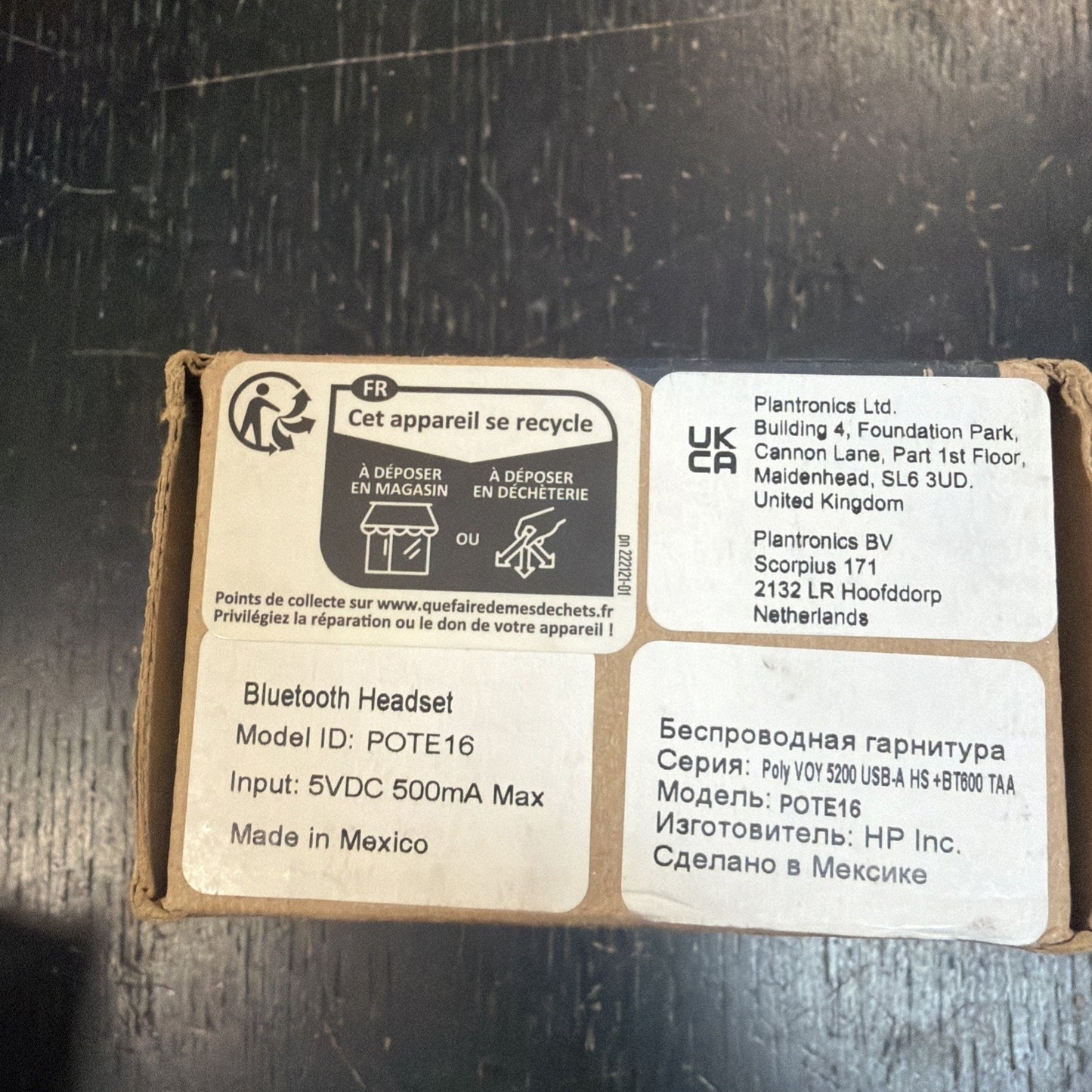 Recycling instructions and multilingual product information labels on a cardboard box for a Bluetooth headset, including manufacturer and model details.
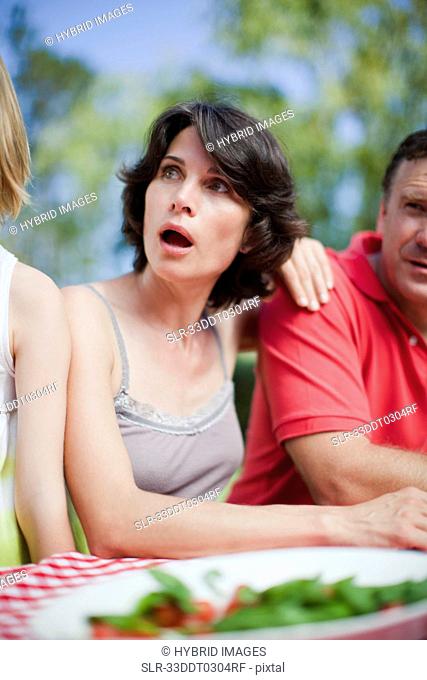 Surprised woman sitting at picnic table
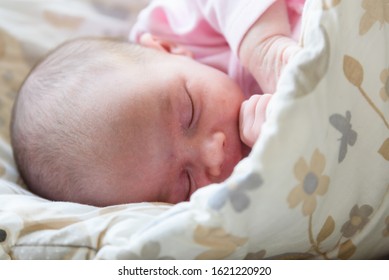 Sleeping Newborn Baby. Cute Little Girl One Week Old At Home. Adorable Lying On Side Covered With Blanket. No Retouch, Newborn Dry Skin.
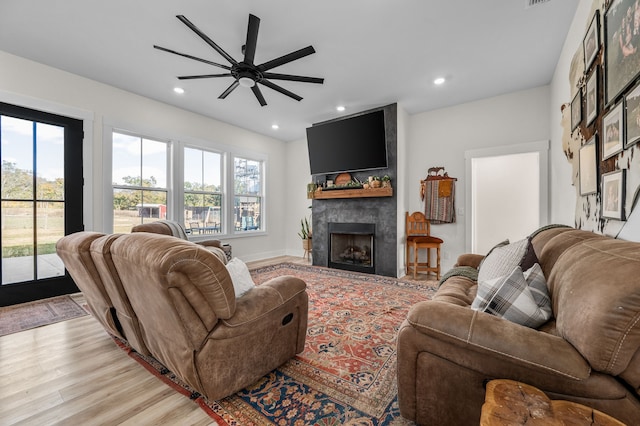 living room featuring a fireplace, light hardwood / wood-style floors, and ceiling fan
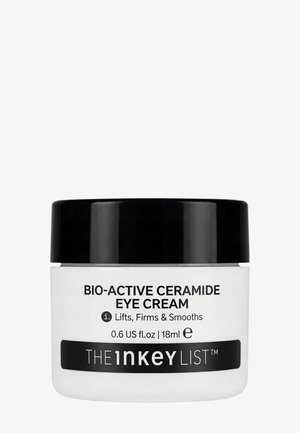 Pot de The Inkey List Bio-Active Ceramide Eye Cream avec couvercle noir, étiqueté pour lifter, raffermir et lisser la peau, taille 18 ml.
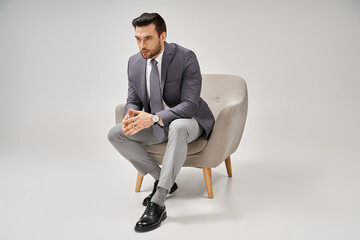 confident and handsome businessman in elegant suit sitting on comfy armchair on grey backdrop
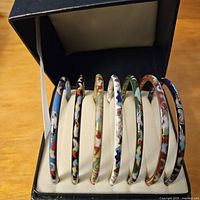 Seven multicolor cloisonné bangles displayed in a black jewelry box with white cushioned interior, showing various enamel color patterns and metal outlines.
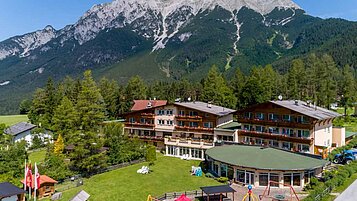 Luftaufnahmen des Familienhotels Lärchenhof in Tirol. Das Hotel ist umgeben von einer großzügigen Grünfläche und einem schönen Bergpanorama.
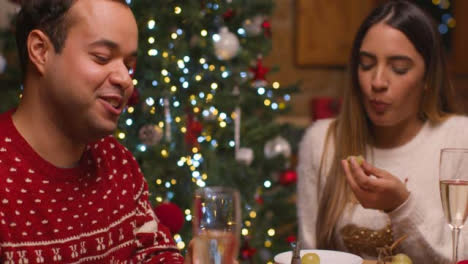 Rising-Shot-of-Young-Couple-Eat-a-Table-Spread-Together-During-Christmas-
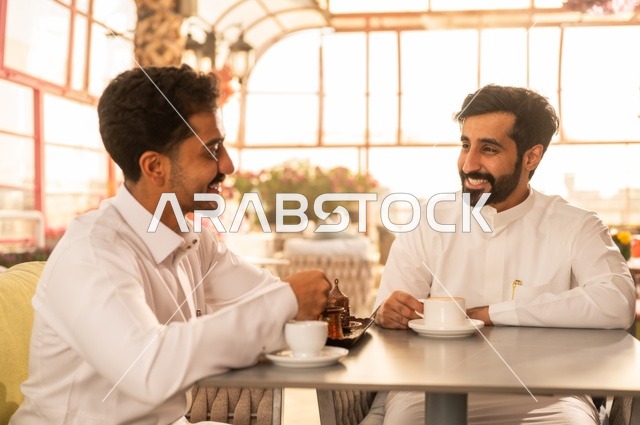 Sharing fun times with friends, building successful social relationships, exchanging conversations and news, enjoying hot coffee, two Saudi Arabian Gulf friends wearing traditional dress sitting in one of the luxurious cafes in the Kingdom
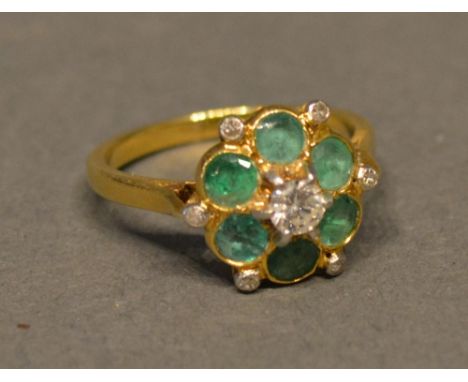 An 18ct. Gold, Emerald And Diamond Cluster Ring 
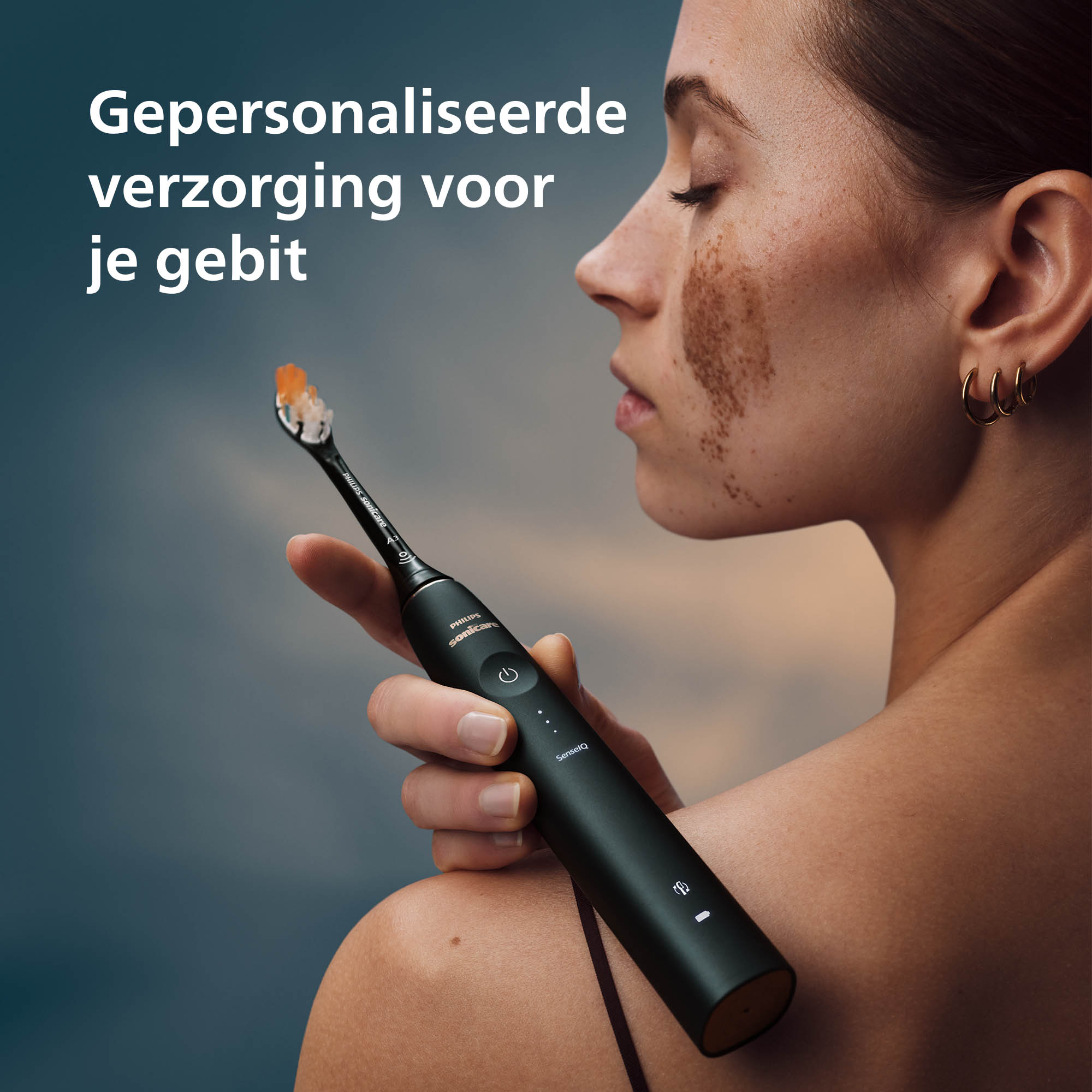 Vrouw met sproeten houdt een zwarte tandenborstel vast. Tekst: 'Gepersonaliseerde verzorging voor je gebit'.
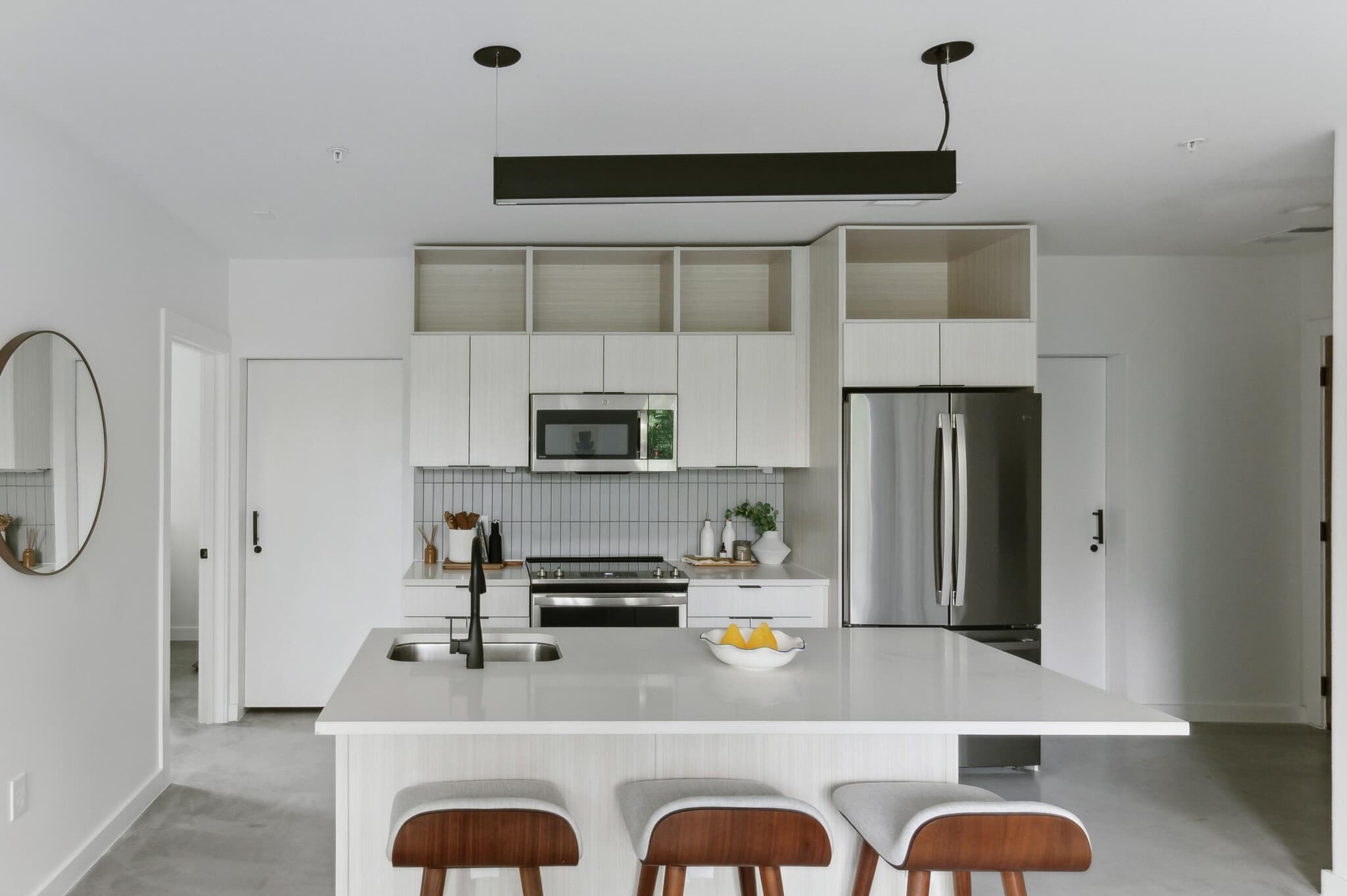 Fully furnished kitchen with quartz countertops at Capitol Living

========================================================================

PROBLEM. Take the material above from the line bearing "living room featuring" through the line bearing "confident and handsome" and write it out exactly, both end lines included. Pictures stay out.

RESULT BELOW.
 living room featuring a fireplace, light hardwood / wood-style floors, and ceiling fan
 Pot de The Inkey List Bio-Active Ceramide Eye Cream avec couvercle noir, étiqueté pour lifter, raffermir et lisser la peau, taille 18 ml.
 confident and handsome businessman in elegant suit sitting on comfy armchair on grey backdrop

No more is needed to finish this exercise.